::: Recorded data :::
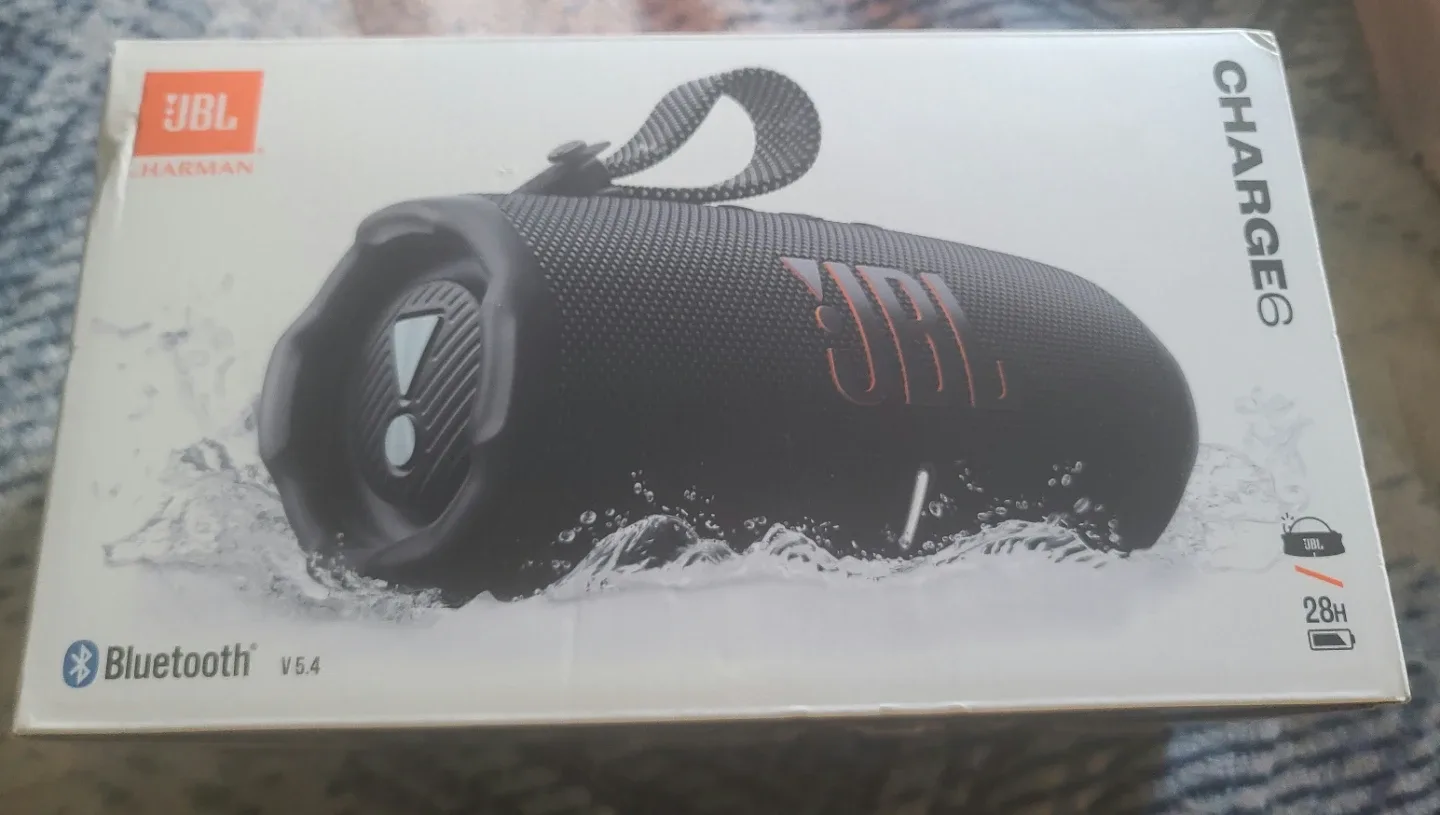 JBL CHARGE 6 - BLACK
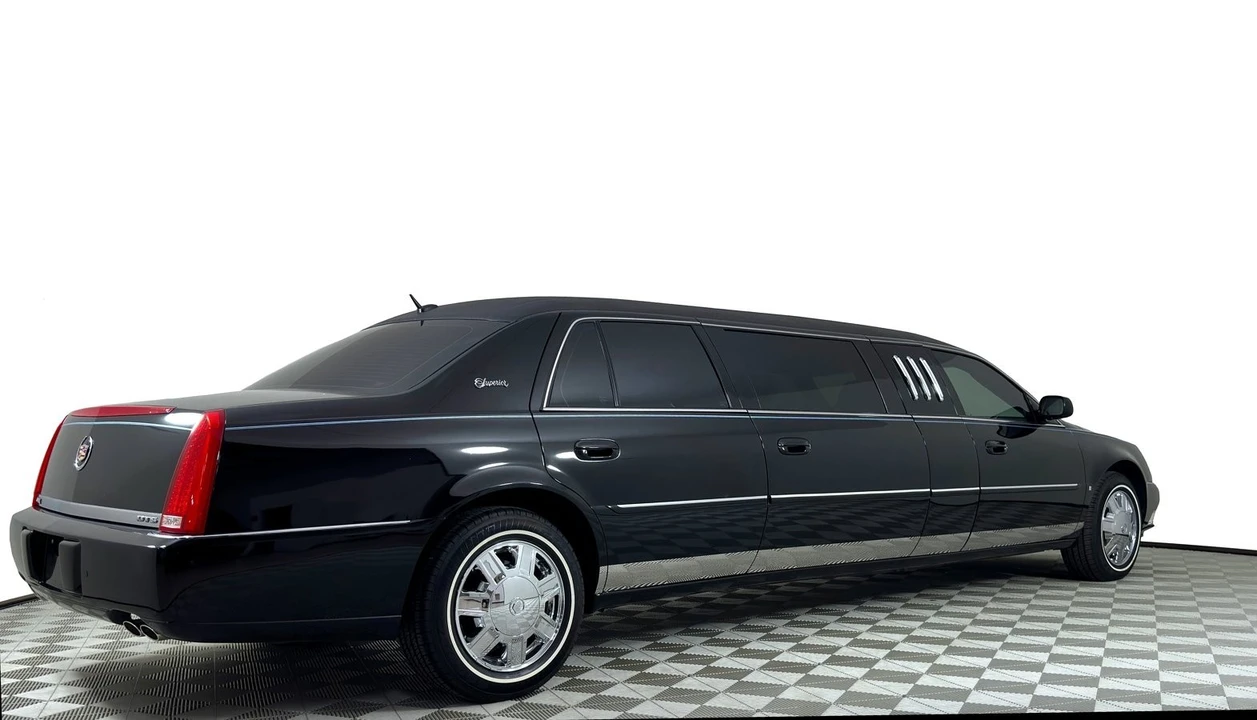 2007 Cadillac DTS - Image 6 of 11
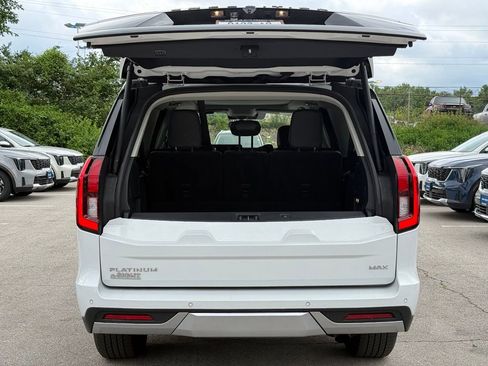 Used 2025 Ford Expedition Max Platinum AWD/4WD image 18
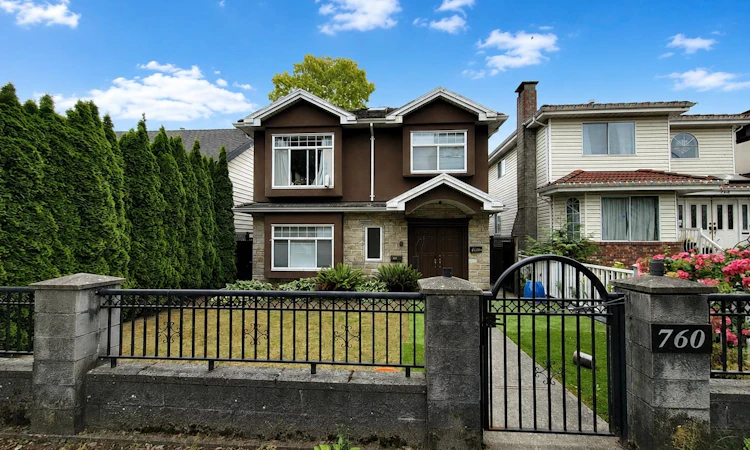 760 E 49th Avenue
:::
Task requirements: Your reply should consist of the data, transcribed exactly, and should hold no pictures.

Completed exercise:
 JBL CHARGE 6 - BLACK
 2007 Cadillac DTS - Image 6 of 11
 Used 2025 Ford Expedition Max Platinum AWD/4WD image 18
 760 E 49th Avenue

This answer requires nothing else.